Loads of Learned Lumber

Sunday, May 3, 2020

Samuel Delany, _Times Square Red, Times Square Blue_

DELANY IS BEST known as a science fiction and fantasy writer, but he is also consistently brilliant and original as an essayist/critic. This book (now 20 years old) looks at the overhaul Times Square was undergoing in the 1990s, the sweeping away of an assortment of porn theaters, peep shows, and other marginal small businesses, the arrival of something more family- and tourist-friendly, blander, more corporate, more homogeneous--its Disney-fication, as it was sometimes called.

"Times Square Red," the first of the book's two essays, is in large part a memoir, as Delany was a frequent customer at the porn theaters over two or three decades. Not to watch the films (which he nonetheless has some brief and astute commentary on--see pp. 74-80), but for the sexual activity in the seats. Apparently, among the mainly-male audience, it was okay to open your pants and start masturbating, at which point some other gentleman might volunteer to complete the job for you, or fellate you. Money might change hands, or not, depending. Names might be exchanged, or not, depending.
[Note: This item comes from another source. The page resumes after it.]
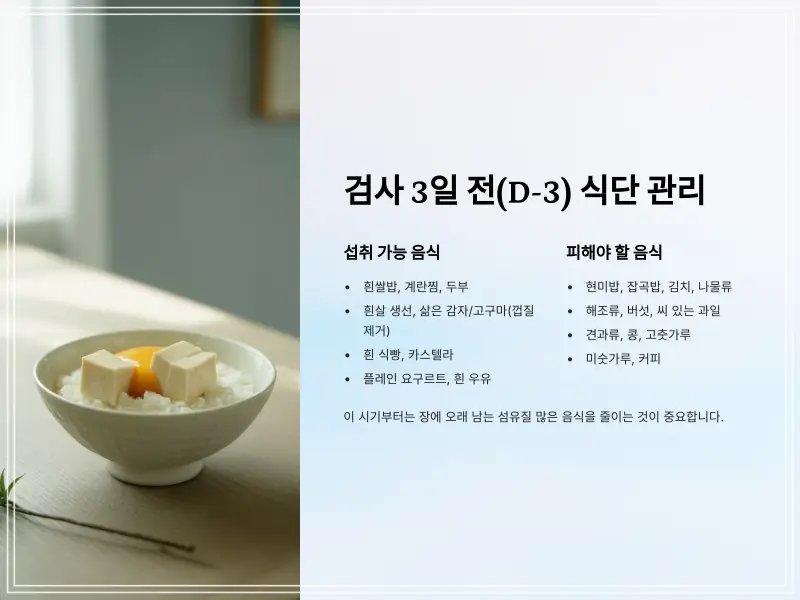 대장내시경-전-음식3_3-D-3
An audience member might only stop in briefly on his way home from work, or might spend the whole afternoon or evening there.

This sounds a little seedy, but Delany succeeds in making it seem almost utopian, in that ethnicity is not much of a consideration, nor class, nor education--anyone who can afford the modest price of admission may come in and take his or her chances. Scary things occasionally happen, there is a certain amount of odd behavior, but the milieu mainly operates smoothly on simple, shared rules. Delany has a wealth of anecdotes of this unusual but thriving community.

"Time Square Blue," the companion essay, is more academic, a kind of socioeconomic or sociopolitical analysis of the same scene described in the first essay. This essay is a bit heavier than its companion, but never dry.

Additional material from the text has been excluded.